§ **Data extracted from a collection**
━━━━━━

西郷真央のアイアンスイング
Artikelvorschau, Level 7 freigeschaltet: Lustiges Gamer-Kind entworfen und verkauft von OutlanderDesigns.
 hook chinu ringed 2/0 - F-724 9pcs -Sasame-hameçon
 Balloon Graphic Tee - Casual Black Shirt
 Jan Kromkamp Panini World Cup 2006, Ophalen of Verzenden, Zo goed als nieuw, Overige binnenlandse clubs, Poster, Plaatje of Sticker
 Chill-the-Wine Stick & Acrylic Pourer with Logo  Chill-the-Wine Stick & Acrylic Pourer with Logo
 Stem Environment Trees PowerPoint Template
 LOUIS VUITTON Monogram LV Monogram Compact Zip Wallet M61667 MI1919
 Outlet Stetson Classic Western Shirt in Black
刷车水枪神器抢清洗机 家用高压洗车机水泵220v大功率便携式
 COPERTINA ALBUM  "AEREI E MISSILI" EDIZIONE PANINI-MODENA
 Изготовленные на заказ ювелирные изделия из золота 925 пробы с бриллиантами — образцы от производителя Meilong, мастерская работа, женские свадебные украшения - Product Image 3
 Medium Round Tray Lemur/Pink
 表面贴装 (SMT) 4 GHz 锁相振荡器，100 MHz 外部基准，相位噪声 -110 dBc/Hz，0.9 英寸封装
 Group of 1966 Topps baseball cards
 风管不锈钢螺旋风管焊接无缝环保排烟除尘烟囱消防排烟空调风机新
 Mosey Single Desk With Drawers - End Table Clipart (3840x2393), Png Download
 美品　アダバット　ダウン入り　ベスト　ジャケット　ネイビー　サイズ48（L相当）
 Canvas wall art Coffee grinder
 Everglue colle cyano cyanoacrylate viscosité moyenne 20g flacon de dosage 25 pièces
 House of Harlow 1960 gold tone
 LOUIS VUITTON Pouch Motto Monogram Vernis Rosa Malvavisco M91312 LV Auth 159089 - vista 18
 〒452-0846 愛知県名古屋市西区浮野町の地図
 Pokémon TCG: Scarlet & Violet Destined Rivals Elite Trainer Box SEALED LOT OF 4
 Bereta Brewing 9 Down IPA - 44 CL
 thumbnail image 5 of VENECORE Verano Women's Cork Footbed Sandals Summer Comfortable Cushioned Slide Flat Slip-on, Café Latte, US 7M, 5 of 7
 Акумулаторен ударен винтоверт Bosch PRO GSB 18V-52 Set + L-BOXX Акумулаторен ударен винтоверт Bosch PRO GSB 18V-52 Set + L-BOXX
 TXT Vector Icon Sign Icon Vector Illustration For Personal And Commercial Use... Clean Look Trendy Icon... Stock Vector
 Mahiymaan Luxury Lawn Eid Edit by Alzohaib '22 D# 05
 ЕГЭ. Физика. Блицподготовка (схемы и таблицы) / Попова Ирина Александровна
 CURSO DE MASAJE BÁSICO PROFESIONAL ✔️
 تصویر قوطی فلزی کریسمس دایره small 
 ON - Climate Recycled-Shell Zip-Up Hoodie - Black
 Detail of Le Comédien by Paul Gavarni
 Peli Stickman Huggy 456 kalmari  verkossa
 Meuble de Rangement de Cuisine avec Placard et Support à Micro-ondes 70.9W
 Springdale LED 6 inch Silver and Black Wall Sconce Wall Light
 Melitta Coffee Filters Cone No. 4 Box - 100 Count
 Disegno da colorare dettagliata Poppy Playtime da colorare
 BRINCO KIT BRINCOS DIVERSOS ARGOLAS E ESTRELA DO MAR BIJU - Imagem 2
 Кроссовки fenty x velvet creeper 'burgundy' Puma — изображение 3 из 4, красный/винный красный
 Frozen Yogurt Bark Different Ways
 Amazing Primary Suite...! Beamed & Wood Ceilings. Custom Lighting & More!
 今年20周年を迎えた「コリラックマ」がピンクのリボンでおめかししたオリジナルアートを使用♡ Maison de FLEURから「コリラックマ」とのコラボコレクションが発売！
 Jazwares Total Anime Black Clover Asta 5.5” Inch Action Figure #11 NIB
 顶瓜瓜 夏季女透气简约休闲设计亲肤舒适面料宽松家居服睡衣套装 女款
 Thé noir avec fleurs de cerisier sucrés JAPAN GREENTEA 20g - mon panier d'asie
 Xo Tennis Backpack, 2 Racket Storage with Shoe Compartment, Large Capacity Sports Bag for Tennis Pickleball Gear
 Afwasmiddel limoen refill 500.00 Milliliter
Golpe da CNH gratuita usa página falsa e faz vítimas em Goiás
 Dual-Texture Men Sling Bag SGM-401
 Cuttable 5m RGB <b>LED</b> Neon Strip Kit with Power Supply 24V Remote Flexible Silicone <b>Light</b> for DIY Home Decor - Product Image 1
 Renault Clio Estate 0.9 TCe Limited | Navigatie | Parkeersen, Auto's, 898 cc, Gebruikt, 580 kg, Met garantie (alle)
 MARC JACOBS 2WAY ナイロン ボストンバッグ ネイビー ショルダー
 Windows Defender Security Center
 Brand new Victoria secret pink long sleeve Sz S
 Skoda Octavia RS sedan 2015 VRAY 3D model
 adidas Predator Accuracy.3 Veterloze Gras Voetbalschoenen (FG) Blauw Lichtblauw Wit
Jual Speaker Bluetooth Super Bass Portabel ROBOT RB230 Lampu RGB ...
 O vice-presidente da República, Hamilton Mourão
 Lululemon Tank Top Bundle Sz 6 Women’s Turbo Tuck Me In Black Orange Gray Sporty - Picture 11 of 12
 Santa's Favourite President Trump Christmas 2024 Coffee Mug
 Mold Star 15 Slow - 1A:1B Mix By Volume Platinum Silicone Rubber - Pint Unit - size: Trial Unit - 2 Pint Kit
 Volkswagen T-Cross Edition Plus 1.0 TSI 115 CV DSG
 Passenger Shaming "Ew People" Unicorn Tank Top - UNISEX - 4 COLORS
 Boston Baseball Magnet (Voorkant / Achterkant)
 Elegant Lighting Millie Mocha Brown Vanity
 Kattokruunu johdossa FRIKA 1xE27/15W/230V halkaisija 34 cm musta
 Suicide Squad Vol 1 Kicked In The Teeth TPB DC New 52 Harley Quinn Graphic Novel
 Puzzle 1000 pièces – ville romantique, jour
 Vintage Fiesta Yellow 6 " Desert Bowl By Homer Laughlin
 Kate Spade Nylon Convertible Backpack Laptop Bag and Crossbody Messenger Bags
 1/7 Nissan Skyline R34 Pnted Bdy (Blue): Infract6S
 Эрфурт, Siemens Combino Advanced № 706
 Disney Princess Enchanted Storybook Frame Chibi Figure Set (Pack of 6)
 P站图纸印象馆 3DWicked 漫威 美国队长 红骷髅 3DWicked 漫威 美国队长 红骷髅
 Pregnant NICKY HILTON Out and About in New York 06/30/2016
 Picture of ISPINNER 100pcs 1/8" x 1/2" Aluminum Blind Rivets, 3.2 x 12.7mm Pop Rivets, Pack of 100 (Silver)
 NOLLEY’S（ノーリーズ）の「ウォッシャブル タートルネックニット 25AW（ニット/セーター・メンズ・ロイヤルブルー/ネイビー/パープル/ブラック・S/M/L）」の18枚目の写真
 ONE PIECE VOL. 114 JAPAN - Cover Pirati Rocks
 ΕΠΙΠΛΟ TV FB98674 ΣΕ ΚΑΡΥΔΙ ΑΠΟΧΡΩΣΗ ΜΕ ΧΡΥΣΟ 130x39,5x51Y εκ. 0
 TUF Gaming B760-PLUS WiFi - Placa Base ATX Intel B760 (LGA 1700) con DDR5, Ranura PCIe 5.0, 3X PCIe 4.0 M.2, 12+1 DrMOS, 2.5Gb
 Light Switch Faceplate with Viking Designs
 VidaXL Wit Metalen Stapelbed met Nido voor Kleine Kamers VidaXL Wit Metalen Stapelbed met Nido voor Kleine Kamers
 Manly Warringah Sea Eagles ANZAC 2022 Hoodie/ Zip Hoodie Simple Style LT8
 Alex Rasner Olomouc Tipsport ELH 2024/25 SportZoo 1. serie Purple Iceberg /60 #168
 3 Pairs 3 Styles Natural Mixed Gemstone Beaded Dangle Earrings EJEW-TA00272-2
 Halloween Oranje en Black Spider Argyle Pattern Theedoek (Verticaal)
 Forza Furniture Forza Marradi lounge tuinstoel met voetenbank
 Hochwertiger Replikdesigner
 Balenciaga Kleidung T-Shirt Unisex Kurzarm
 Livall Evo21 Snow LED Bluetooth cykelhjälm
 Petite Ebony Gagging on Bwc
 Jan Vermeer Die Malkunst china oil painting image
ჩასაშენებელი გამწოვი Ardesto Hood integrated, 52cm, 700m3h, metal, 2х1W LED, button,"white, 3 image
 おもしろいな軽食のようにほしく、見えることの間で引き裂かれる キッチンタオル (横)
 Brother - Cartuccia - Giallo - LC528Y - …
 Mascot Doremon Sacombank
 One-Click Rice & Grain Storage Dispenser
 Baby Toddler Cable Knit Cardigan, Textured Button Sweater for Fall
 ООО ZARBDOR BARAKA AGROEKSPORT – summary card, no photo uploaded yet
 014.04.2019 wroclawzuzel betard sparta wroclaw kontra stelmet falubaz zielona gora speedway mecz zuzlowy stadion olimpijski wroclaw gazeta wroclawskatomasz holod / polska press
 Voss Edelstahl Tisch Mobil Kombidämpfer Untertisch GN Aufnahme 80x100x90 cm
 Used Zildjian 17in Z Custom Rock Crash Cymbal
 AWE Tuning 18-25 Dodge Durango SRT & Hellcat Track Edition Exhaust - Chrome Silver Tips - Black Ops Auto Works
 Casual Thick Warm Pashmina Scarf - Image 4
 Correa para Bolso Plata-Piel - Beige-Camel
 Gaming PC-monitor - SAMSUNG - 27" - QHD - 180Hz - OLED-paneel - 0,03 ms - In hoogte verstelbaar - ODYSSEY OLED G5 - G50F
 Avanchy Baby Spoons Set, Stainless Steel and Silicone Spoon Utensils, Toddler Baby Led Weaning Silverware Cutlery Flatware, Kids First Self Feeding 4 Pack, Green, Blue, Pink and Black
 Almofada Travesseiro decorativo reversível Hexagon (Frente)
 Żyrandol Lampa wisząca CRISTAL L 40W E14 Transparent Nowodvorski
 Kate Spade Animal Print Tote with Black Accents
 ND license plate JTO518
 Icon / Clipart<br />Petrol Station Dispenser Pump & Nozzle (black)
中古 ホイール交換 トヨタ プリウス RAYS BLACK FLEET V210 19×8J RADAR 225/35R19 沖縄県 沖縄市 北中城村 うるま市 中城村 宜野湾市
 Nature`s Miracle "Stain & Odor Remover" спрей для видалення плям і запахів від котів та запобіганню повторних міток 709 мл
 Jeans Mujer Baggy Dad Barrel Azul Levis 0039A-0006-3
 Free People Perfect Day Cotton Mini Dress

━━━━━━

§ **ACTION ITEM**
Search the data and copy each line containing "Gaming".

§ **ANSWER BOX**
 TUF Gaming B760-PLUS WiFi - Placa Base ATX Intel B760 (LGA 1700) con DDR5, Ranura PCIe 5.0, 3X PCIe 4.0 M.2, 12+1 DrMOS, 2.5Gb
 Gaming PC-monitor - SAMSUNG - 27" - QHD - 180Hz - OLED-paneel - 0,03 ms - In hoogte verstelbaar - ODYSSEY OLED G5 - G50F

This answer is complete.